Before DPN, all seven presidents who served over the course of Gallaudet University’s history were hearing. That changed in March of 1988 when many people in the campus community and numerous off-campus organizations and individuals protested the Board of Trustees’ decision to select Dr. Elizabeth Zinser, a hearing woman, as the University’s eighth president. The groundswell of support for the cause brought national and international attention to Gallaudet and culminated with the board reversing its decision and naming Dr. I. King Jordan (G-’70), a deaf faculty member at the University and one of the finalists for the position, as president. It also led to a majority of the board members being deaf. Jordan served as Gallaudet’s president until his retirement in 2006. Dr. Robert Davila (G-’53) followed in his footsteps as Gallaudet’s second deaf president in 2007, and Dr. T. Alan Hurwitz became the third deaf president in 2010.

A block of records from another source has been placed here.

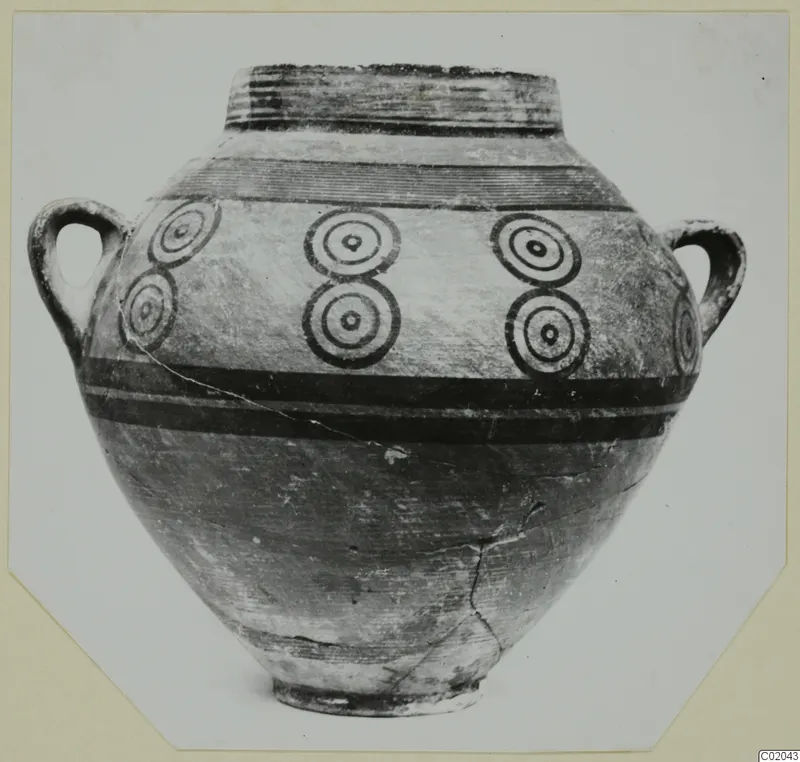 Two-handled jar from Marion with dark painted bands and rows of concentric circles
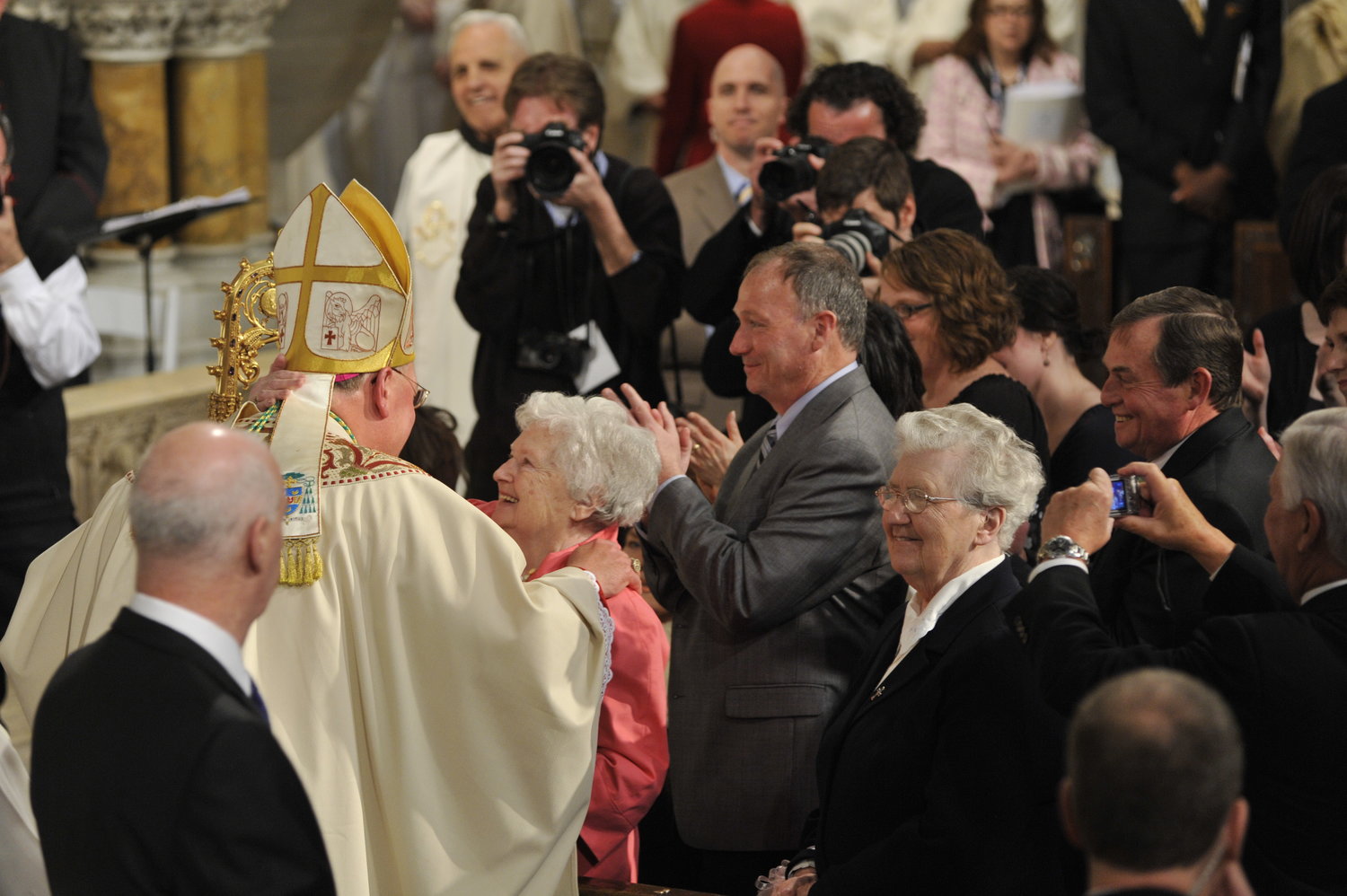 Then-Archbishop Timothy M. Dolan greets his proud mother, Shirley Dolan, at the beginning of his Installation Mass as Archbishop of New York April 15, 2009 at St. Patrick's Cathedral.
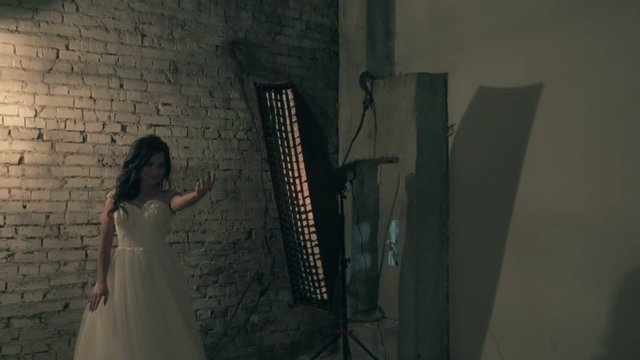 Photographing of young beautiful woman in wedding dress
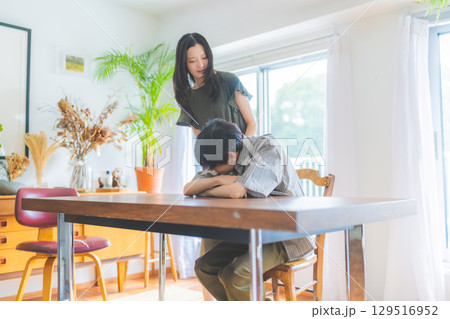 　テーブルで男性を見守る女性 129516952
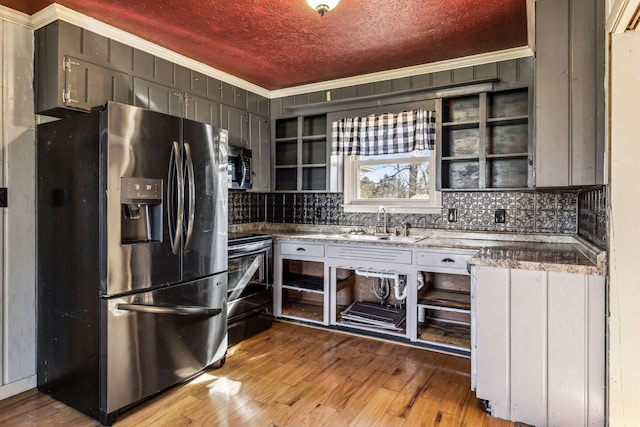 kitchen with ornamental molding, wood finished floors, stainless steel appliances, a textured ceiling, and a sink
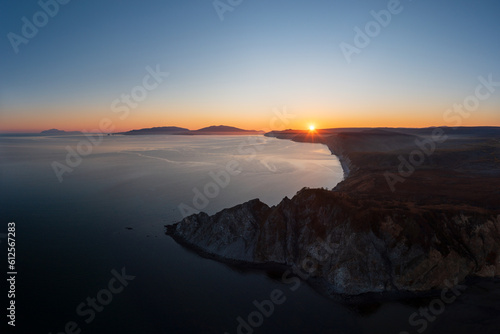Beautiful sunset seascape. Aerial view of rocky cape and sea bay. Evening sun over the coast. Popular natural tourist attraction. Cape Nyuklya, Sea of Okhotsk, Magadan region, Far East of Russia.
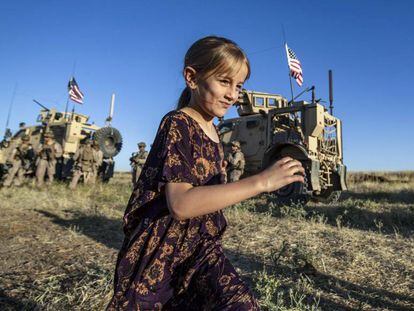 Una niña corre por un campo cerca de varios vehículos militares en la ciudad siria de al-Malikiyah, cerca de la frontera turca, el 7 de junio de 2020.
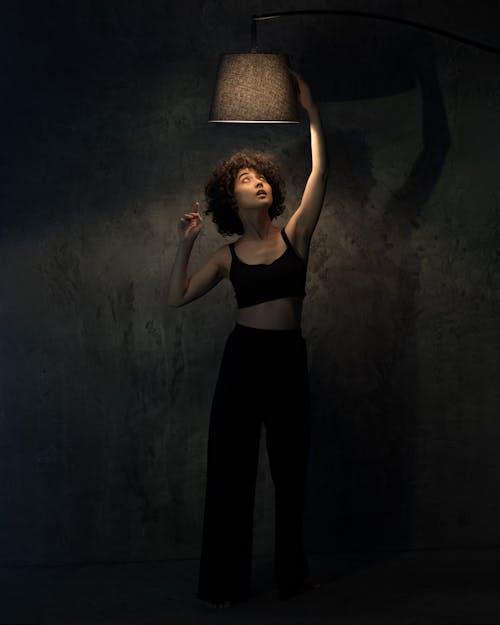 A Woman in Black Tank Top Reaching for the Lamp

Jordan recalled DPN’s domination of the media spotlight. It was on the front page of The New York Times for five days of the week-long protest, and the story was carried every day on the cover of The Washington Post. DPN also had a very positive effect on campus, he said, because it unified the deaf community behind a common cause. However, being Gallaudet’s first deaf president carried challenges. “There was a lot of skepticism [about whether] I could succeed,” Jordan said. “Every day I had to be successful.”
Jordan said he shared his DPN experiences during his meetings with Congress and with potential donors to the University. “People loved the DPN story,” he said. “People wanted to invest in deaf people.”
DPN had further ramifications, as well. Jordan mentioned that the two Americans with Disabilities Act (ADA) sponsors, Senator Tom Harkin (D-Iowa) and Congressman Steny Hoyer (D-Md.), told him if it were not for DPN, the ADA law would not have been passed in 1990. “They said that the DPN kick started the ADA, and Congress paid attention. The nation paid attention,” Jordan said. “There are people all over the country whose lives are different now than they would have been without the ADA.”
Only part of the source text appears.